*What to do*. All lines from the one containing "Good For Nothing oversized" to the end of the data below are to be returned exactly, both ends included, with nothing added.

⁂

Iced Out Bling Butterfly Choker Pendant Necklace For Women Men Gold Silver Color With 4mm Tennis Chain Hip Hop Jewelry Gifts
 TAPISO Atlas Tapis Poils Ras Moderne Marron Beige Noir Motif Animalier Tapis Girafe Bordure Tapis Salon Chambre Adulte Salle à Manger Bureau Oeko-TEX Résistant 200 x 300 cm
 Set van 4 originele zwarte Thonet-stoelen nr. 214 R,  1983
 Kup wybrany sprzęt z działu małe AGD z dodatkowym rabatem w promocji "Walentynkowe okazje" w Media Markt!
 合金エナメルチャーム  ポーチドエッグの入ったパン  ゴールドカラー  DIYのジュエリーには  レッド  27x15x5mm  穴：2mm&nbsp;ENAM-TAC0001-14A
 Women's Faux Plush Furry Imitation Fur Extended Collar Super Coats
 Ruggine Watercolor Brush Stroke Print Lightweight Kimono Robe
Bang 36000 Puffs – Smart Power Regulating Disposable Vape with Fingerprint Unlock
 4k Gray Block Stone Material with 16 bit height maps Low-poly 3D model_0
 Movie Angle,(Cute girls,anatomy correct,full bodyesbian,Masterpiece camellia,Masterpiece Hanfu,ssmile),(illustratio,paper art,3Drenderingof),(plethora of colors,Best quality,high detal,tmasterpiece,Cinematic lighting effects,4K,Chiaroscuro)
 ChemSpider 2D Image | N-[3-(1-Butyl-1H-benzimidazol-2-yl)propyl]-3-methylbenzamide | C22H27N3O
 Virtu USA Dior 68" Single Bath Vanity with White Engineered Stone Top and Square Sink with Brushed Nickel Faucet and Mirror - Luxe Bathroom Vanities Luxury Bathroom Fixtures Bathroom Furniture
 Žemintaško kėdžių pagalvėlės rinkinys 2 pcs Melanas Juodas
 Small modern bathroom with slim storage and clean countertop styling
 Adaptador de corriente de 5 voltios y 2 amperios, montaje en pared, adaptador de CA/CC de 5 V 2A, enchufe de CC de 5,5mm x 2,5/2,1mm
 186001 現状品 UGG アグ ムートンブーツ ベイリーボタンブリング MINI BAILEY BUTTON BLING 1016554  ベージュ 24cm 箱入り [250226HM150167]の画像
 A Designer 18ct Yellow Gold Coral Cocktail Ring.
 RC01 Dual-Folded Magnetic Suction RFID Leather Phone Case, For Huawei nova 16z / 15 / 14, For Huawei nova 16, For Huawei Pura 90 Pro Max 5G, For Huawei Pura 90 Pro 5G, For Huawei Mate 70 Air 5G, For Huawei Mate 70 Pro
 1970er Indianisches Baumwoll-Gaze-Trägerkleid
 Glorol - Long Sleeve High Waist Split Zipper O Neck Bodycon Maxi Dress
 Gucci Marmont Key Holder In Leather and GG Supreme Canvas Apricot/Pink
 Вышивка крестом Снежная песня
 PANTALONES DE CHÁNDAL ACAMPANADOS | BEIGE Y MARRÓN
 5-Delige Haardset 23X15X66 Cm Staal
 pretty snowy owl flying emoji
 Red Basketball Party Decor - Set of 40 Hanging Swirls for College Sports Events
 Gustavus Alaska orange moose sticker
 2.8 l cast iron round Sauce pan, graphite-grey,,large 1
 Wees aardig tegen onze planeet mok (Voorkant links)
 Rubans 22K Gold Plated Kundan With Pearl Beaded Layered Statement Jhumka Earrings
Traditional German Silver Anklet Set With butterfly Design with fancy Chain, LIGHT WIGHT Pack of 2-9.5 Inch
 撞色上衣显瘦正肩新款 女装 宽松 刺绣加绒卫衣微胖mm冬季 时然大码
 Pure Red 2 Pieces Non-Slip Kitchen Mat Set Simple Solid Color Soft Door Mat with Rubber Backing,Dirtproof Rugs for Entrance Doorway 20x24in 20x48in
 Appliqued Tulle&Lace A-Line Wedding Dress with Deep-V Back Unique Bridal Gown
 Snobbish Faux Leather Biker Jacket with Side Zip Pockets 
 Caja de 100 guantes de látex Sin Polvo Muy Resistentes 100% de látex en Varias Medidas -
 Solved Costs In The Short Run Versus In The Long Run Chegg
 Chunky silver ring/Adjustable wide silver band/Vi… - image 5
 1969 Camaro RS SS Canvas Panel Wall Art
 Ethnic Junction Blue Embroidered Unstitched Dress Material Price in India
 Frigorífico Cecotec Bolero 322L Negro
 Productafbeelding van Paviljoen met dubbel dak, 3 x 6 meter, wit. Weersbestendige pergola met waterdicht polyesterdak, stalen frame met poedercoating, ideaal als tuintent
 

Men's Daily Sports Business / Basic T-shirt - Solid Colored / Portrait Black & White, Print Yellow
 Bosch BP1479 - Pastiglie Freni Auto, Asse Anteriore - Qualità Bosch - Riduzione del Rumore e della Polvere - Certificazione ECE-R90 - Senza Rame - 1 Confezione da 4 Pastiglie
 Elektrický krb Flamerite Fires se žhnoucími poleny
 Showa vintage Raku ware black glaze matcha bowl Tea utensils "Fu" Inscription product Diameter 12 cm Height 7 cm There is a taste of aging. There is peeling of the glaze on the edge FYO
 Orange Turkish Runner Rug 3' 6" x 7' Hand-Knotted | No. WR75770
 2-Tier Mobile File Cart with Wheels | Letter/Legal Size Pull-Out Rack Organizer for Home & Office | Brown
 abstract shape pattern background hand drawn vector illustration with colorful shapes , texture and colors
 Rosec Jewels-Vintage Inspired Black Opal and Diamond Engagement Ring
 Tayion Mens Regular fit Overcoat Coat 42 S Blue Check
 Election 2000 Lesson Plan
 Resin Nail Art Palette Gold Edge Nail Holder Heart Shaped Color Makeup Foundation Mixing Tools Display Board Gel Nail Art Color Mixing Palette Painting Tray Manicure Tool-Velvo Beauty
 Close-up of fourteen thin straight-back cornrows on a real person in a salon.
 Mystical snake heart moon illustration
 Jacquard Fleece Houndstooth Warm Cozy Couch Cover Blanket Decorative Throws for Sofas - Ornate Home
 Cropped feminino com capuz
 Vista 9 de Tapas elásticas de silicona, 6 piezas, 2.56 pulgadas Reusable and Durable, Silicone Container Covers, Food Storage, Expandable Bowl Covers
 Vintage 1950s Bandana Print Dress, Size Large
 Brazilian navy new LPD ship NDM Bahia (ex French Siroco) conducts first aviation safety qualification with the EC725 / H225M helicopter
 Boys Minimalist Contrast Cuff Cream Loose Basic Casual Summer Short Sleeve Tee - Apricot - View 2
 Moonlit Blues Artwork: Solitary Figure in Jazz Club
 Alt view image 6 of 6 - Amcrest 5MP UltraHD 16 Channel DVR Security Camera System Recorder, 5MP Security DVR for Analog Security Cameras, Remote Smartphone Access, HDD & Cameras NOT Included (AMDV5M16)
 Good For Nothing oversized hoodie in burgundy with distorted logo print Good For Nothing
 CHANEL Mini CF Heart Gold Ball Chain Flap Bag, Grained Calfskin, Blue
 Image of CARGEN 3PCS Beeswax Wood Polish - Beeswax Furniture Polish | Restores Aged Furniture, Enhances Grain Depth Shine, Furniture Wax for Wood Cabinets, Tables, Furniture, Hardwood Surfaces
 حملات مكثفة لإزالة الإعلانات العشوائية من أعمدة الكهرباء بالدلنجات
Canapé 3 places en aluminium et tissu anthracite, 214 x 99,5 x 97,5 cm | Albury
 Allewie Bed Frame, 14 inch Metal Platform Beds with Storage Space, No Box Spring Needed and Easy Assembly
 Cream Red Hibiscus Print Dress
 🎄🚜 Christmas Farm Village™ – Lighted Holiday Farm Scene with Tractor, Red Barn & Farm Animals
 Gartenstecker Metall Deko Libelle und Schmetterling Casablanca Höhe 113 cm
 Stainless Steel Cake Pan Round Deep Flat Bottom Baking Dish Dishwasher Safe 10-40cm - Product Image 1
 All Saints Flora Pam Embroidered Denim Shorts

⁂

*Written solution*.
 Good For Nothing oversized hoodie in burgundy with distorted logo print Good For Nothing
 CHANEL Mini CF Heart Gold Ball Chain Flap Bag, Grained Calfskin, Blue
 Image of CARGEN 3PCS Beeswax Wood Polish - Beeswax Furniture Polish | Restores Aged Furniture, Enhances Grain Depth Shine, Furniture Wax for Wood Cabinets, Tables, Furniture, Hardwood Surfaces
 حملات مكثفة لإزالة الإعلانات العشوائية من أعمدة الكهرباء بالدلنجات
Canapé 3 places en aluminium et tissu anthracite, 214 x 99,5 x 97,5 cm | Albury
 Allewie Bed Frame, 14 inch Metal Platform Beds with Storage Space, No Box Spring Needed and Easy Assembly
 Cream Red Hibiscus Print Dress
 🎄🚜 Christmas Farm Village™ – Lighted Holiday Farm Scene with Tractor, Red Barn & Farm Animals
 Gartenstecker Metall Deko Libelle und Schmetterling Casablanca Höhe 113 cm
 Stainless Steel Cake Pan Round Deep Flat Bottom Baking Dish Dishwasher Safe 10-40cm - Product Image 1
 All Saints Flora Pam Embroidered Denim Shorts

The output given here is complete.